Rusland is inderdaad een belangrijke gasleverancier, maar die is altijd betrouwbaar gebleken. Laat me even de vraag provocatief terugkaatsen. Wie bouwt de gesofisticeerde nucleaire installaties in Groot-Brittannië? Dat zijn de Chinezen. Ik zou ook van hen niet graag afhankelijk zijn. En wat is de situatie vandaag? We vrezen voor een tekort aan stroom deze maand. Het zit dus nu al niet goed op vlak van bevoorradingszekerheid. Toch vinden we ook nu oplossingen, zoals import of aansturing van de vraag.

Dat brengt ons bij het beleid. Moet de innovatie ook van de politiek komen?

Absoluut. Maar ik trap een open deur in als ik zeg dat ik te weinig politieke daadkracht zie. Kijk naar België: we nemen wel beslissingen, maar we voeren die niet uit. De wet op de kernuitstap is de exponent daarvan. Dat we deze maand zonder stroom zouden vallen, is trouwens schofferend voor de burger. Dit is een beleid dat faalt.

“De groene beweging zal toch eens uit haar stulp moeten komen.

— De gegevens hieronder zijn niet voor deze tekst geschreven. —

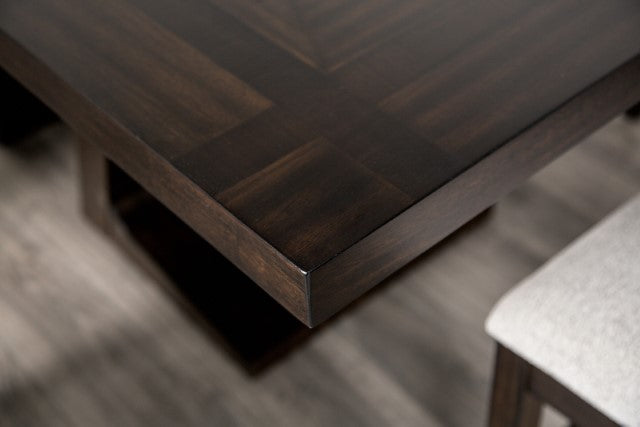 Holsworthy Dining Table - Furniture Stars (Chicago, IL)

Zij wil niet weten van kerncentrales, maar ook niet van gascentrales.”

Geef eens een voorbeeld van wat het beleid moet doen.

Transport is hét pijnpunt in ons land. Ik zie echter geen coherent beleid. Zelfs Brussel en Antwerpen voeren een verschillend mobiliteitsbeleid. Dat is surrealisme. Wat moet gebeuren, weet iedereen: het gebruik van de wagen moet duurder, het openbaar vervoer goedkoper. Je kan rekeningrijden invoeren of de brandstofprijs verhogen met een CO2-heffing, en met de opbrengst het openbaar vervoer goedkoper én comfortabeler maken. Ik las onlangs dat de fiets niet meer op de trein mag op spitsuren. (zucht) Waar zijn we mee bezig? De bedrijfswagen is een ander punt. Dat is een salariswagen geworden en extreem duur voor de schatkist. Waarom blijven we dat promoten?

Als iedereen weet wat moet gebeuren, waarom gebeurt dat niet?

Tja. (even stil) Ik stel vast dat ons land geen grote beslissingen durft te nemen, en vooral: durft uit te voeren. Ik vrees dat ons politieke systeem daadkracht mist. We hebben vier ministers die bevoegd zijn voor energie. Wat doen die? Te veel bakkeleien over wie waarvoor verantwoordelijk is. Klimaat en energie zouden opnieuw federale bevoegdheden moeten worden. Gelukkig dat Europa nog doelstellingen maakt. Let op: dat betekent niet dat alle ministers slecht werk leveren. Een Bart Tommelein (Open VLD, Vlaams minister van Energie, red) bijvoorbeeld: hij heeft het enthousiasme over hernieuwbare energie opnieuw aangewakkerd. Ik zie ook dat zowat alle partijen het groene gedachtegoed intussen omarmen. Dat N-VA-voorzitter Bart De Wever zijn hand uitsteekt naar Groen, vind ik een belangrijk statement.

Hoe kijkt men eigenlijk in Europa naar ons land?

Dat beeld is niet eenzijdig negatief. België is een gemiddeld land. Sommige doen beter, andere doen slechter. Op vlak van uitstoot doen we het niet goed, en transport is op dat vlak een grote boosdoener. Op andere domeinen doen we beter. Zonne-energie bijvoorbeeld is goedkope energie geworden. De volgende uitdaging wordt een betere opslag van die energie. Elk huishouden zou een betaalbare batterij moeten kunnen aanschaffen. Vandaag is dat nog veel te duur.

“We hebben geen tijd meer”

In december is er een klimaattop in het Poolse Katowice. Wat verwacht u daarvan?

Dat wordt vooral een technische top. Men moet enkele belangrijke details uitklaren. Ik denk bijvoorbeeld aan de methodologie om de uitstoot exact te meten. Ik verwacht geen grote politieke beslissingen. Dat hoeft ook niet. Men moet nu in de eerste plaats uitvoeren wat men tegen 2030 beloofd heeft. Je hoort wel spreken over een aanscherping van de doelstellingen, maar dat lijkt me niet de prioriteit vandaag. Laat ons eerst maar zorgen dat we de maatregelen nemen om die doelstellingen te halen.

De EU wou een voortrekker zijn met haar klimaatdoelstellingen tegen 2020. Zal zij die halen?

Als we kijken naar de uitstoot van broeikassen, een daling van twintig procent tegenover 1990, dan doen we nu al beter. Wat hernieuwbare energie betreft, twintig procent aandeel in de totale energiemix, zal het nipt worden. Alleen de doelstelling inzake twintig procent meer energie-efficiëntie zal moeilijk te halen zijn. Dat gaat over vele kleine beslissingen van vele individuele burgers. Elke verandering van gedrag, hoe onvermijdelijk ook, heeft blijkbaar tijd nodig. Helaas hebben we die tijd niet meer.